On the other side, a Battalion Commander, usually an O-5/Lieutenant Colonel, receives a pay increase when he/she becomes a Brigade Commander (O-6/Colonel) and again as Division Commander (O7 or O-8/ Brigadier or Major General), Corps Commander (O-9/Lieutenant General), up to a Major Command Commander or Chief of Staff of the Army (O-10/General). It should be noted that basic pay for an O-7 to O-10 is limited by Level II of the Executive Schedule which is $15,125.10. Basic pay for O-6 and below is limited by Level V of the Executive Schedule which is $12,391.80. While serving as Chairman, Joint Chief of Staff/Vice Chairman, Joint Chief of Staff, Chief of Navy Operations, Commandant of the Marine Corps, Army/Air Force Chief of Staff, Chief of the National Guard Bureau, or Commander of a unified or specified combatant command, basic pay is $21,147.30. There are no special pay incentives delineating the separate levels of Sergeants Major.
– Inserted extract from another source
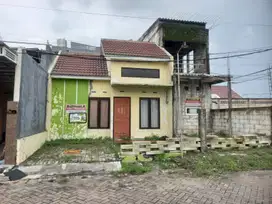 Dijual Rumah Murah Perum Green Menganti Gresik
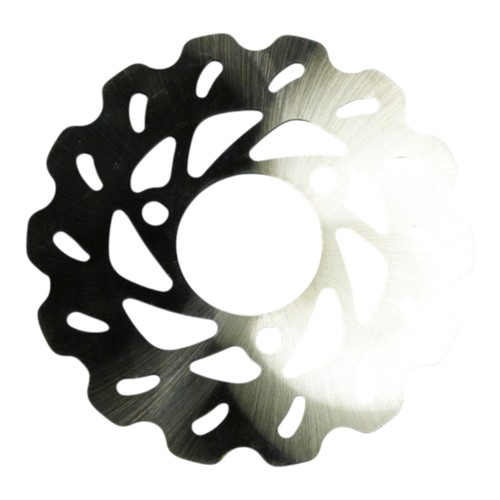 Disque frein avant - de,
While it’s easy to argue why officers deserve to be paid more, and I’m not saying it should be equal, that’s not what this article is about. I will state however, that one of the reasons for justification usually hinges on college education. And while it’s not yet a requirement for enlisted leaders seeking promotion to obtain a college degree, it is “strongly recommended.” And I lot have done so, while serving, I might add. But I digress.
In Regards to Soldiers Struggling on Food Stamps
When the military receives its annual pay increase percentage, instead of applying that percentage to the entire force, only apply it to enlisted soldiers pay. Not every year obviously, maybe at a 3 year to 1 ratio or something similar.
After the annual reports of food stamps spent at commissaries is produced each year, take that money out of the SNAP program allotment and add it to the military pay scale, aimed at lower enlisted soldiers and retirees.
Implementing this or something similar, would provide a bigger pay bump to those struggling the most, helping them move towards being above the poverty line and maybe not having to rely on food stamps and other government subsidies. Doing this would also not only improve morale and economic stability for the struggling soldier and his/her family, it may also help trigger growth to the overall economy as well, but most importantly, it would greatly improve unit readiness as we prepare for our follow on mission.
On the Other End of the Enlisted Spectrum
Provide separate pay grades, or some other sort of denotation, to represent the increasing levels of duties, roles, and responsibilities of Sergeants Major, with increased pay commensurate of each.
Like I stated in the beginning, choosing to tackle and solve this problem and accomplishing this goal would be a lofty, difficult, and perplexingly complicated. Accomplishing both simultaneously only exacerbates the difficulty and may even be impossible, and I know SMA Dailey does not control what we are paid, but accomplishing lofty, difficult, and perplexingly complicated goals is exactly what soldiers and leaders in the greatest military the world has ever known, do.